Между тем кризис в Средней Азии продолжал углубляться. Шах-Джахан двинул на север свои огромные полчища, захватил Балх и Бадахшан. Но при этом в полной мере сказались особенности индийской армии. Боевые качества ее на деле были очень низкими, она состояла из корпусов вассалов-джагиридов, которые действовали вразнобой и привыкли вести себя, как мини-монархи — брали в походы многочисленные свиты, гаремы, прислугу. Ударной силой по-прежнему оставались боевые слоны с установленными на них пушками. Конницы было мало — лошади в Индии не размножались, их привозили извне, и стоили они крайне дорого. Воевать на коне могли себе позволить лишь очень богатые люди. А основу войск составляли массы пехоты. Не знавшие ни строя, ни обучения, ни маневрирования — давили количеством. Особо тратиться на своих солдат джагириды не считали нужным, пехота шлепала в походы босиком, все обмундирование составляли тюрбан и набедренная повязка, плюс копье в руке.

В индийском климате и в сражениях с точно такими же толпами голой пехоты это сходило. Но на севере, в горах, громоздкая и неповоротливая армия застряла.

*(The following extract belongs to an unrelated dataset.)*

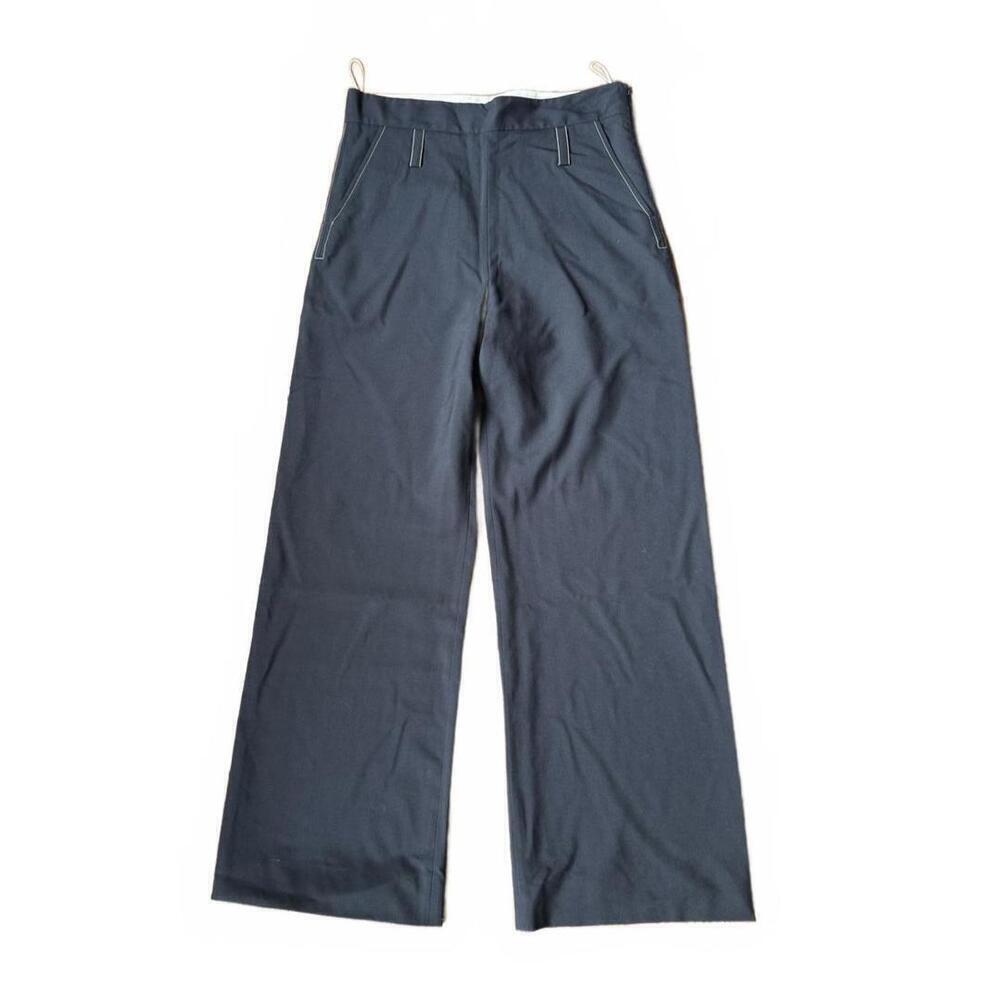 NWT Marni Women's Wide Leg Pants Black Size 40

Обозы и гаремы джагиридов закупоривали горные дороги, а слоны и солдаты в набедренниках чувствовали себя здесь не лучшим образом, да и прокормиться многотысячным масам тут было нечем. Ну а отряды горцев-таджиков, хоть и небольшие по численности, принялись клевать завоевателей, наносили чувствительные удары, и Шах-Джахану пришлось отступить. Бадахшан бросили совсем, а Балх передали союзным бухарцам. Хотя у них в это время вспыхнула смута. Надир-Мухаммеда сверг его сын Абдулхази. Сперва отправил отца в почетную ссылку, правителем подаренного Балха, потом передумал, начал против него поход и выдворил в изгнание.

А от Хорезма в ходе междоусобиц отпало самостоятельное Аральское княжество. Но и упрочив власть, хан Абулгази целиком переключился на войну против враждебных ему туркмен. Добавилось и природное бедствие. Стал меняться водный режим в дельте Амударьи, пересыхали протоки и каналы, снабжавшие водой главные хорезмийские города, Ургенч и Вазир, и жители из них начали перебираться в Хиву.